┌──
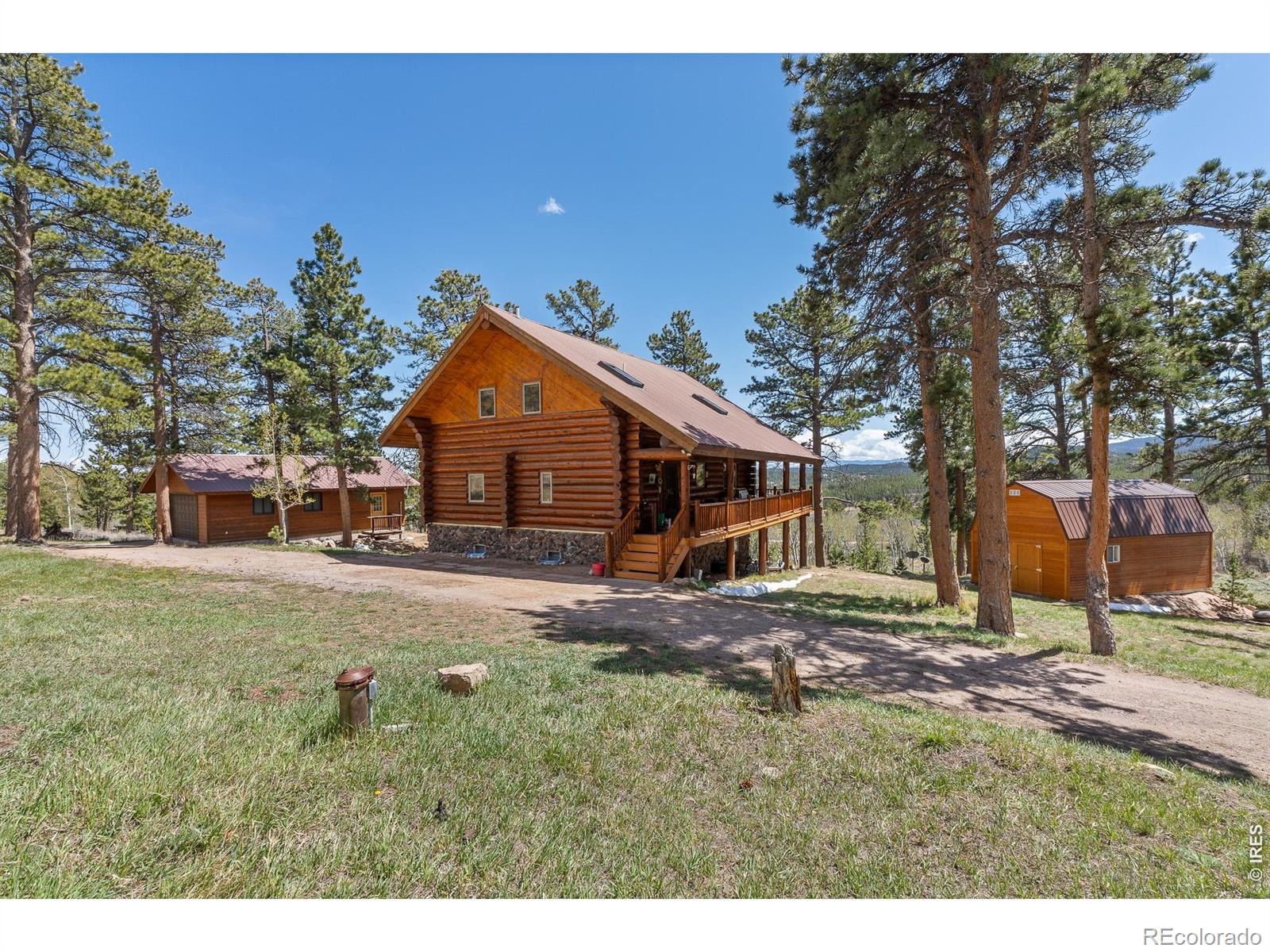 24 Sarsi Court Red Feather Lakes CO 80545
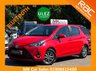 USED 2019 19 TOYOTA YARIS 1.5 VVT-i Icon Hatchback 5dr Petrol Manual Euro 6 (111 ps) GP19YWZ GP19YWZ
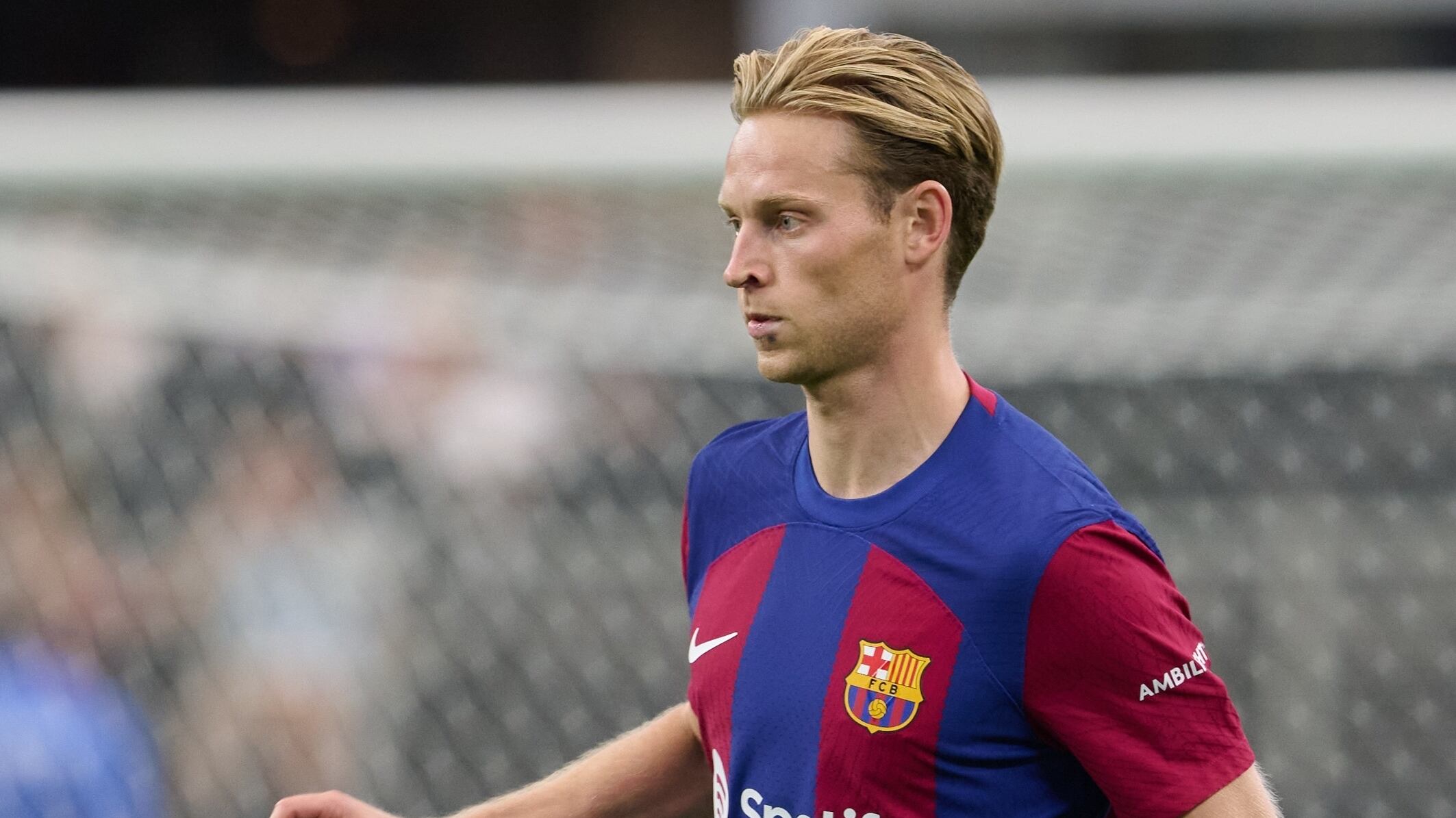 Arde el FC Barcelona: Frenkie De Jong revienta a directiva por llevarse partido a Estados Unidos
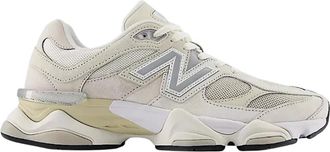 New Balance 9060 Sneakers - Heren - Sneakers - Beige - 41 1/2 EU - Leer - Schoenen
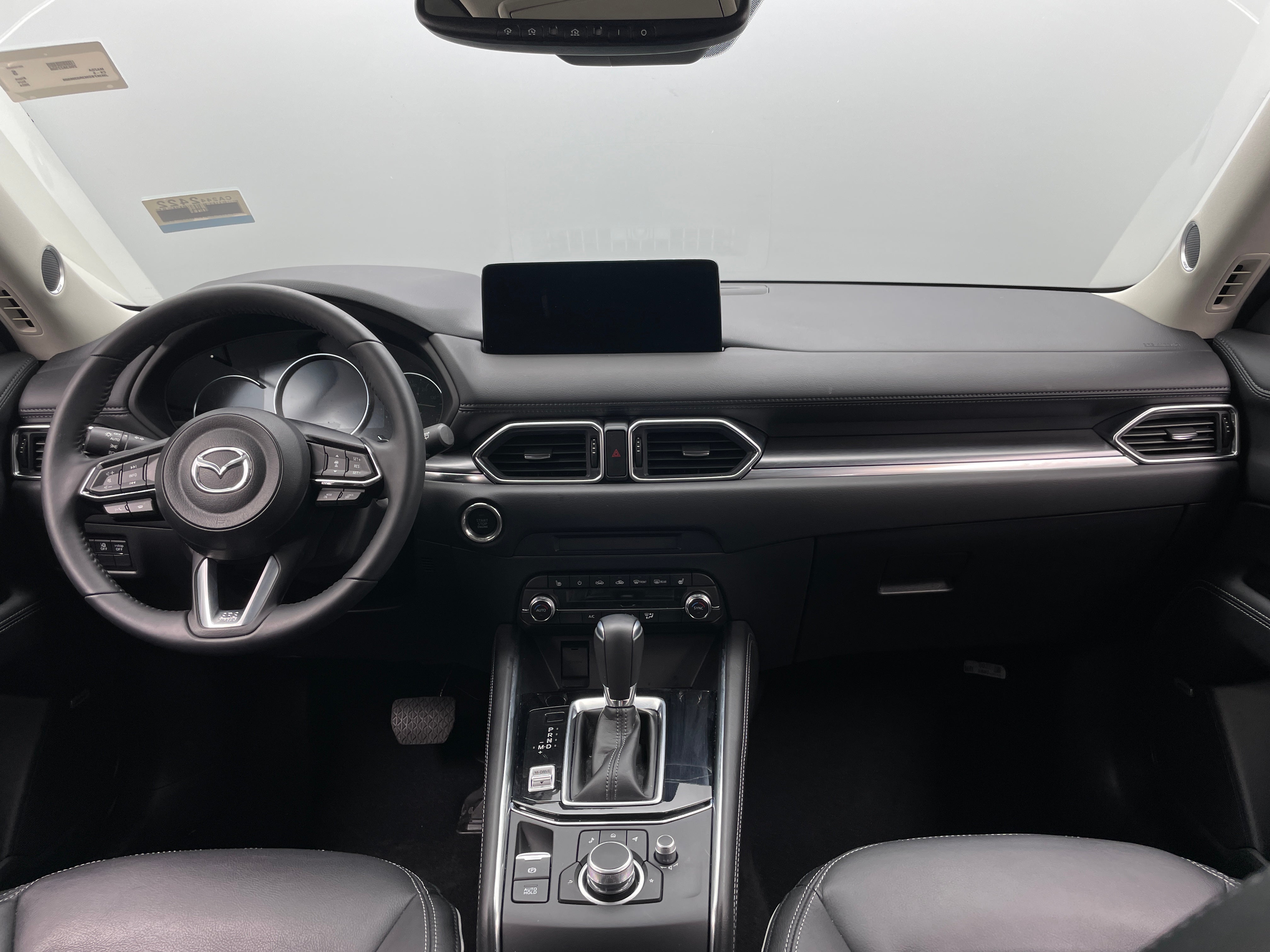 2024 Mazda CX-5 S Premium 2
└──
> WORK ORDER
Exactly the lines from the one with "Arde el FC Barcelona: Frenkie" through the end of the records are to be repeated, both ends included, and pictures are to be omitted.

> ANSWER FOR THIS EXERCISE
 Arde el FC Barcelona: Frenkie De Jong revienta a directiva por llevarse partido a Estados Unidos
 New Balance 9060 Sneakers - Heren - Sneakers - Beige - 41 1/2 EU - Leer - Schoenen
 2024 Mazda CX-5 S Premium 2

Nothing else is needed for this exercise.